Katherine Sharkey, MD, PhD, an associate professor of medicine and of psychiatry and human behavior who studies sleep and circadian rhythms, particularly as they relate to mood regulation and women’s health, has the answer.
About 17 percent of women have obstructive sleep apnea (OSA), yet 90 percent of them don’t know it. Though more men than women have it, women are less likely to be diagnosed because of differences in the prevailing symptoms and idiosyncrasies of sleep testing.

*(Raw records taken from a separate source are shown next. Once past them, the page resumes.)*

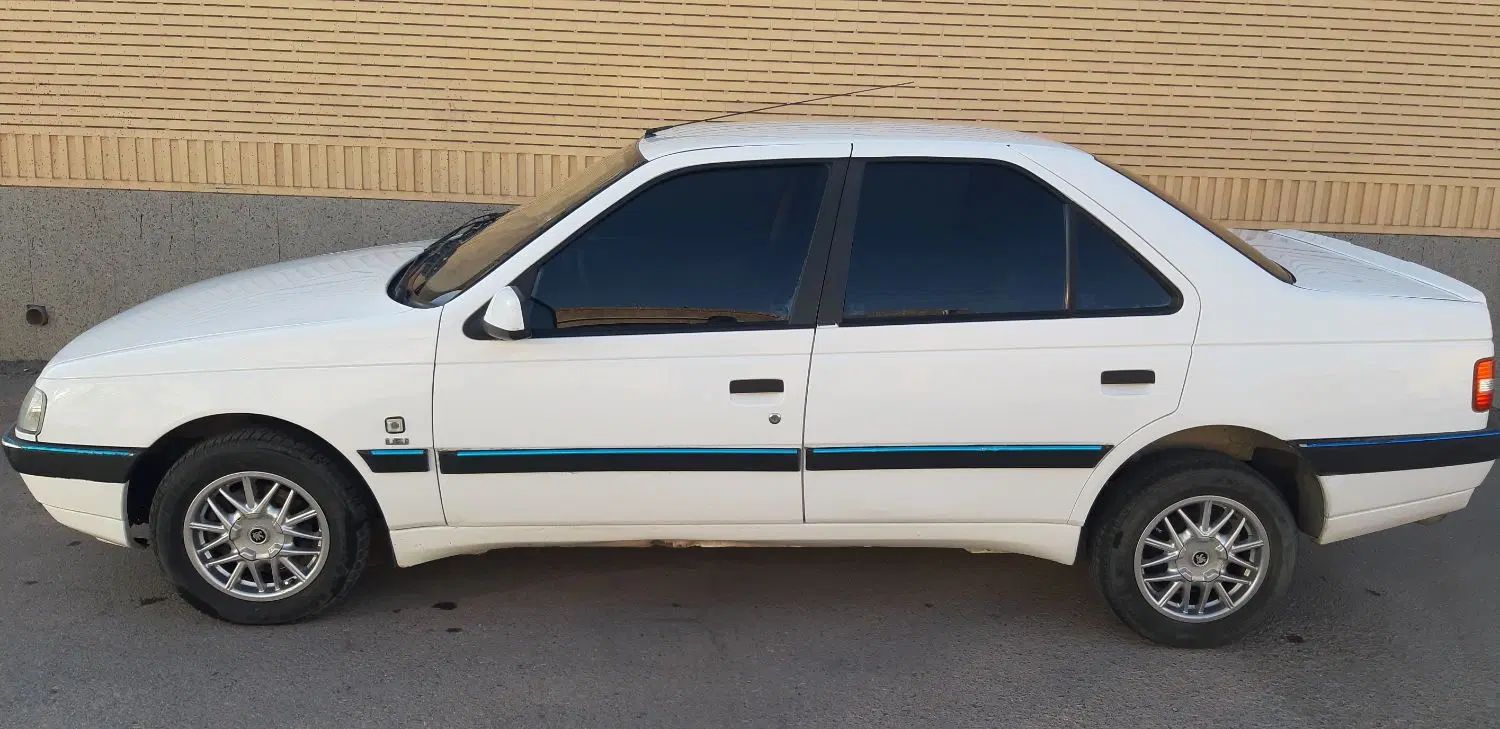 پژو 405 SLX بنزینی TU5 - 1396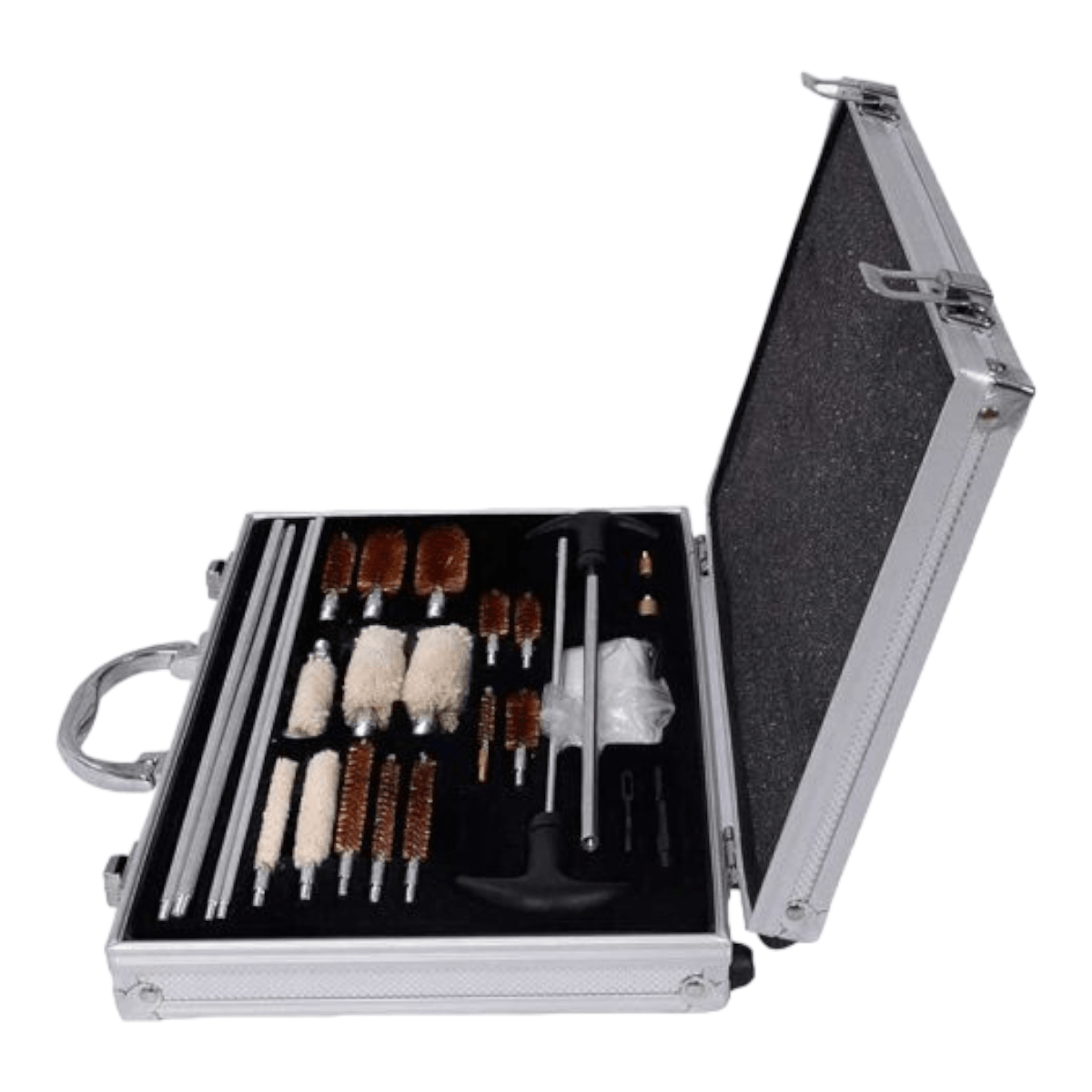 Set limpieza rifle 25 piezas SLR3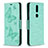 Coque Portefeuille Livre Cuir Etui Clapet L10 pour Nokia 2.4 Petit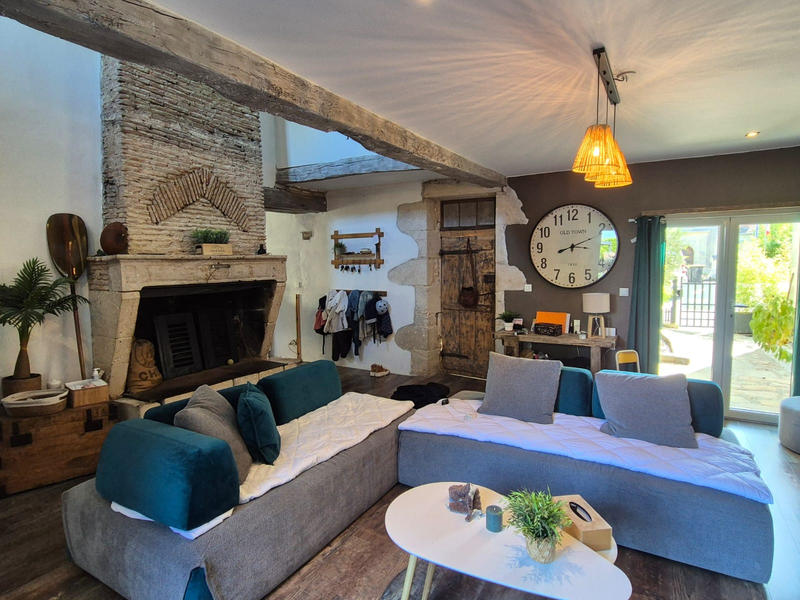 Maison de village - 159 m² - 7 pièces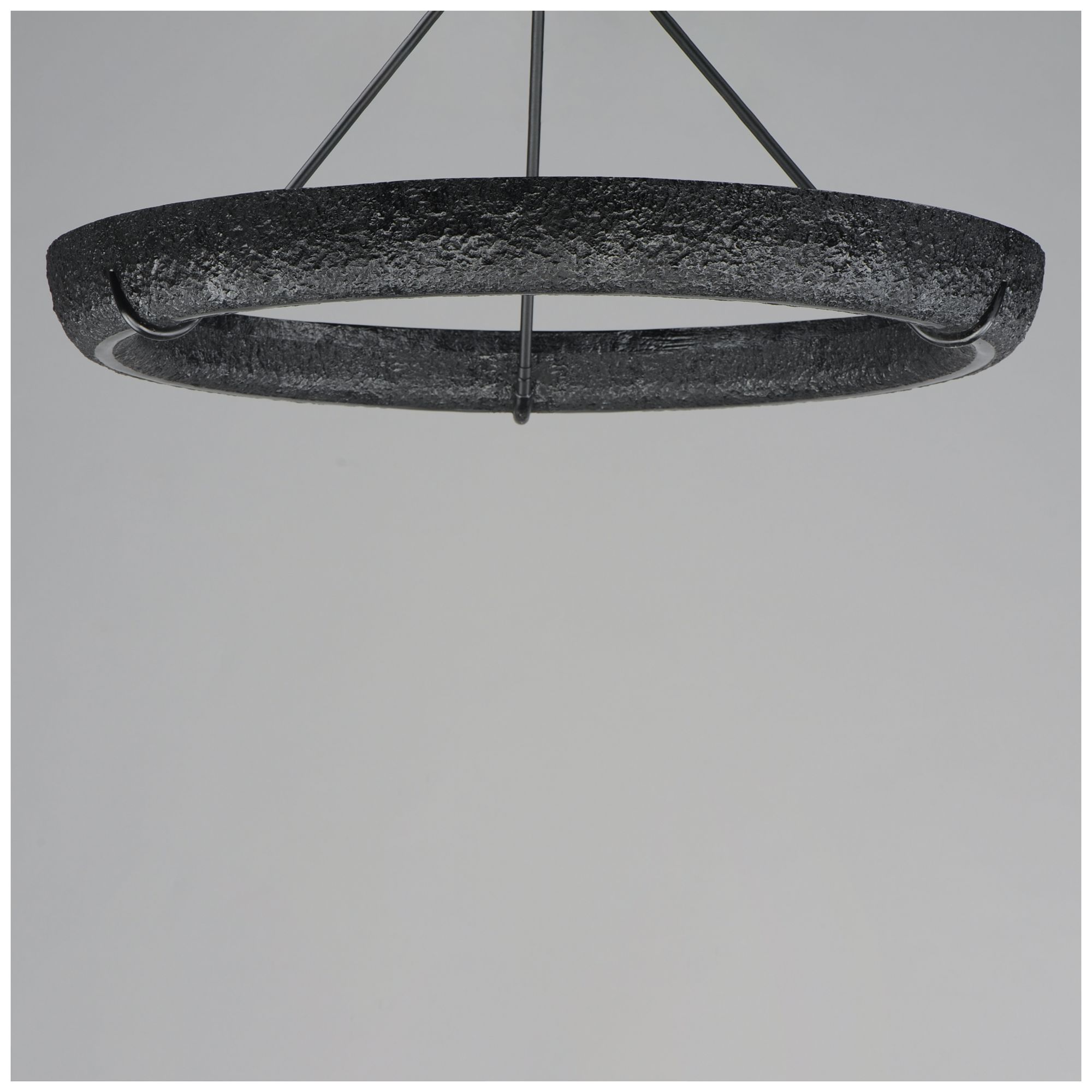 Image 3 ET2 Geist 36" Black LED Pendant more views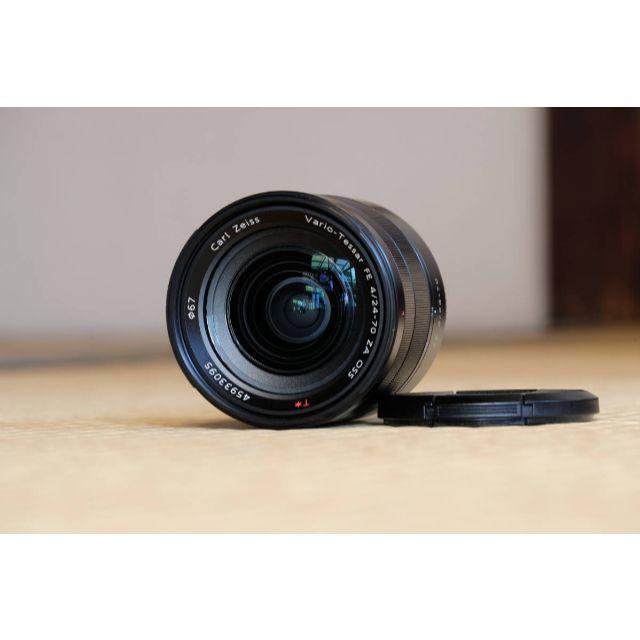 最高の品質の SONY - 並品 SEL2470Z 24-70mm FE ソニー Zeiss Sony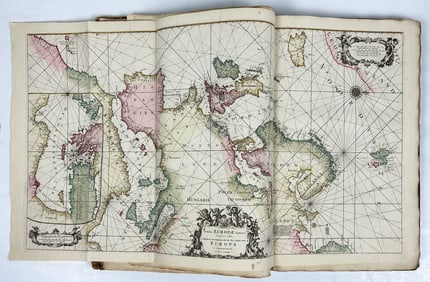 Ottens' Atlas van Zeevaert en Koophandel door de Geheele Weereldt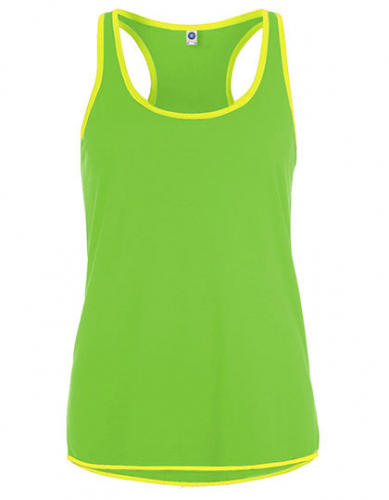 Ladies´ Contrast Sports Vest - SW405 - Starworld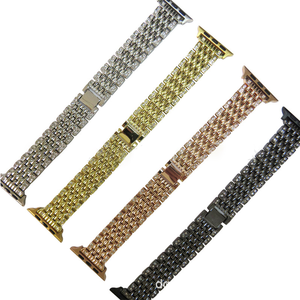 <span class=keywords><strong>Bracelet</strong></span> de montre métallique disponible avec <span class=keywords><strong>bracelet</strong></span> multicolore <span class=keywords><strong>Bracelet</strong></span> en métal diamant <span class=keywords><strong>Bracelet</strong></span> de montre - Product Image 5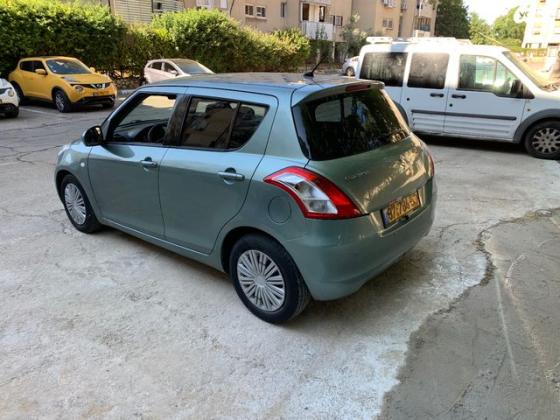 סוזוקי סוויפט GLS אוט' 1.2 (94 כ"ס) בנזין 2013 למכירה בתל אביב יפו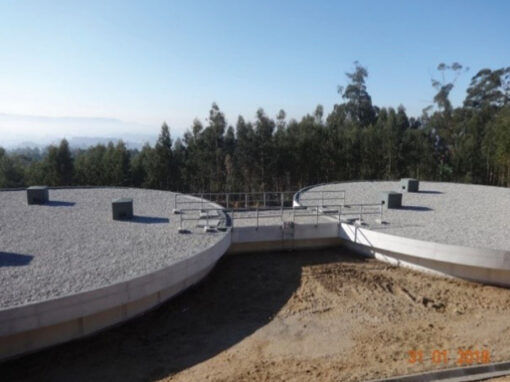 Subsistema de Abastecimento de Água de S. Jorge, Reservatórios de Milhões, Vila Franca e Barroselas e das respectivas ligações para abastecimento (V. Castelo)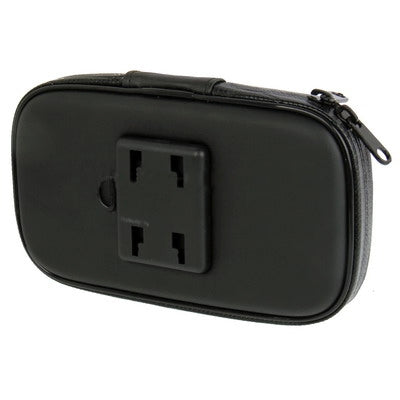 Bike Mount & Waterproof / Sand-proof / Snow-proof / Dirt-proof Tough Touch Case for 5.5 inch Phone (Black)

Women with OSA are more likely than men to report symptoms of irritability, depression, and headaches. As a result, their primary care provider may send them to therapy, prescribe an antidepressant, or begin a workup for migraine.
Furthermore, sleep testing can result in false negatives in female patients. Women are more likely to have arousals from sleep as opposed to oxygen desaturation. The most common diagnostic test for sleep apnea is the home sleep test (HST). Home testing is great—we can screen a lot more people than if they all had to come into the lab—but it only measures breathing, not EEG. Therefore HSTs can’t detect the arousals that are more common in women. The common co-occurrence of insomnia and sleep apnea in women also increases the likelihood of a false negative.
If these nuances aren’t appreciated, you might think your patient is in the clear. If the clinical suspicion is low and you’re just trying to rule out OSA, then your workup can end with a negative HST. But if the clinical suspicion is high, for example, due to excessive daytime sleepiness, uncontrolled hypertension, or witnessed apneas, and that home study doesn’t show something, then all patients—men and women—should have followup polysomnography in the laboratory.